How to establish the rank inequalities $$ \mbox{rank}(A) + \mbox{rank}(B) - n \leq \mbox{rank}(A B) \leq \min\{ \mbox{rank}(A), \mbox{rank}(B) \} \tag{1} $$ where $A$ and $B$ are real matrices of sizes $m \times n$, $n \times p$, respectively.
I checked the archives of this forum and the second inequality has been proved.
To recapitulate the arguments, first we note that $AB$ consists of vectors of the form $$ A b_1, A b_2, \ldots, A b_p $$ where $b_1, b_2, \ldots, b_p$ are the column vectors of $B$.

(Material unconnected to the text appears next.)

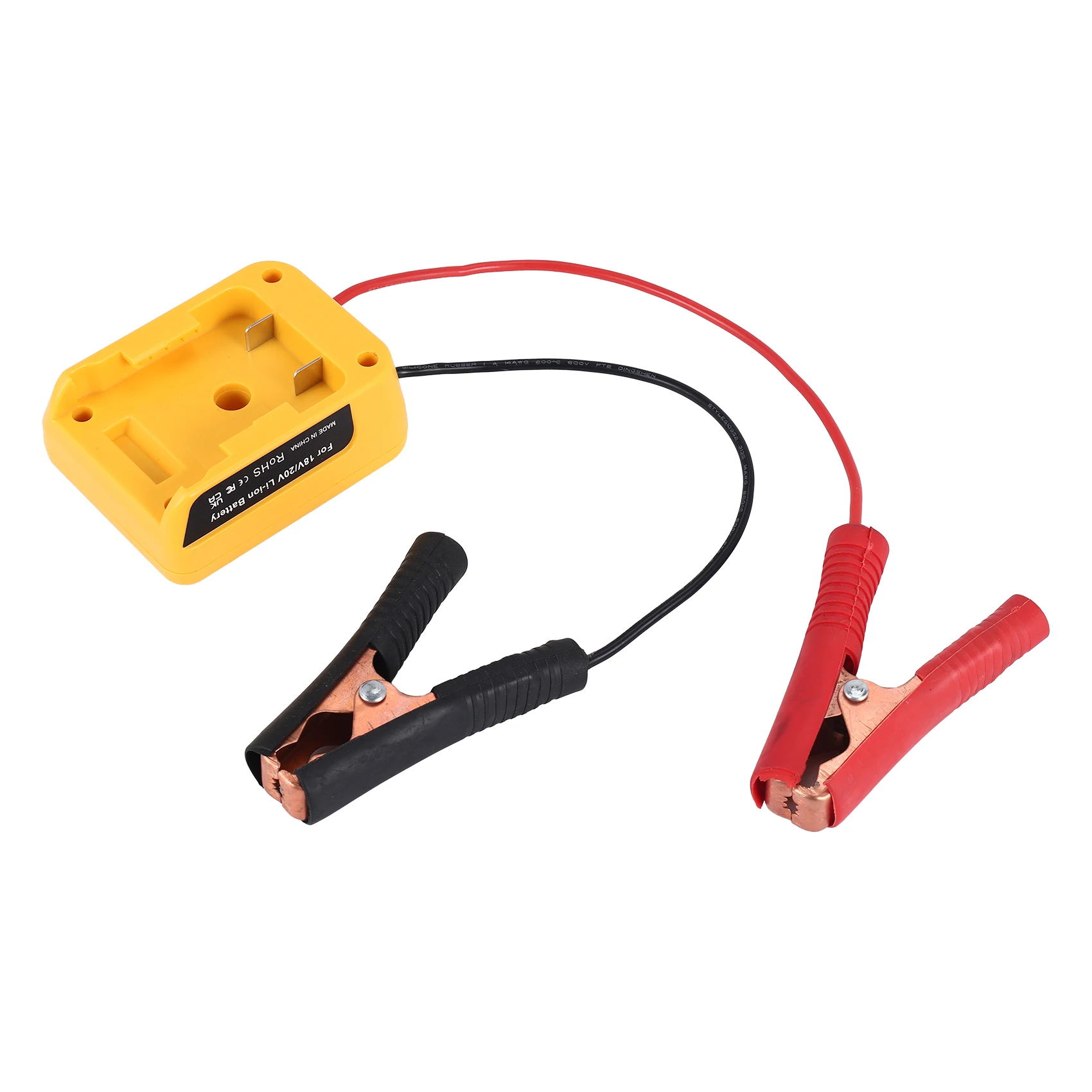 Car Emergency Start Power Supply Automotive Battery Charging Treasure for DeWalt XY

Thus, the column span of $A B$ is contained in the column span of $A$.
This shows that $$ \mbox{rank}(A B) \leq \mbox{rank}(A). $$
Next, we define the matrices $$ C = A^T, D = B^T $$ and note that $$ \mbox{rank}(D C) \leq \mbox{rank}(D) $$
Since a matrix $P$ and its transpose ($P^T$) have the same rank, it follows that $$ \mbox{rank}(C^T D^T) \leq \mbox{rank}(D^T) $$ or $$ \mbox{rank}(A B) \leq \mbox{rank}(B) $$
Hence, we showed that $$ \mbox{rank}(A B) \leq \min\{ \mbox{rank}(A), \mbox{rank}(B) \} $$
(This is not any new proof - I only recounted ideas presented in this forum.)

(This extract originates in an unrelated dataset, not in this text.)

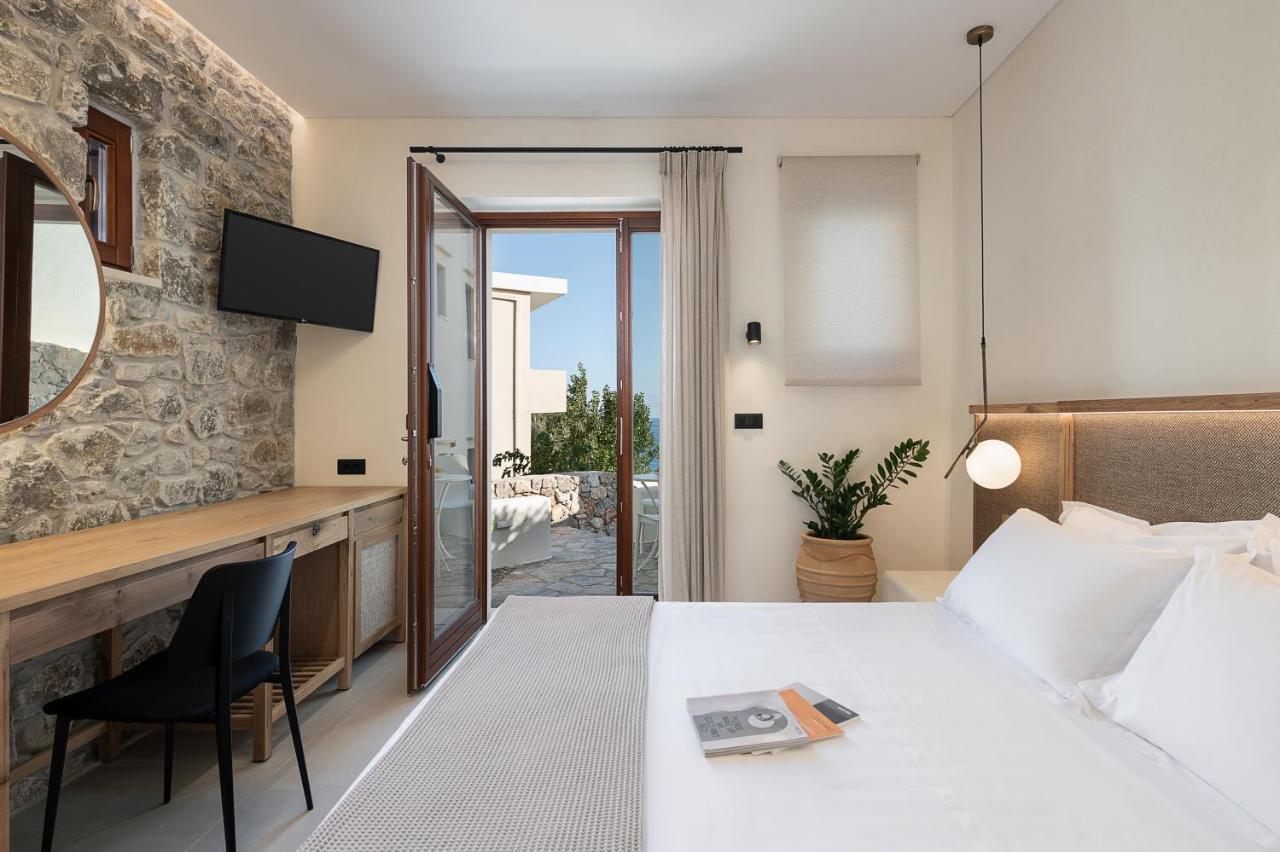 The Authentic Village Boutique Hotel Khóra Sfakíon 외부 사진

My query is how to prove the lower bound given in (1) for $\mbox{rank}(A B)$.
In other words, how to prove: $$ \mbox{rank}(A) + \mbox{rank}(B) - n \leq \mbox{rank}(A B) \tag{2} $$
I tried some examples, but I am not getting any intuition for it.
Your suggestions are welcome.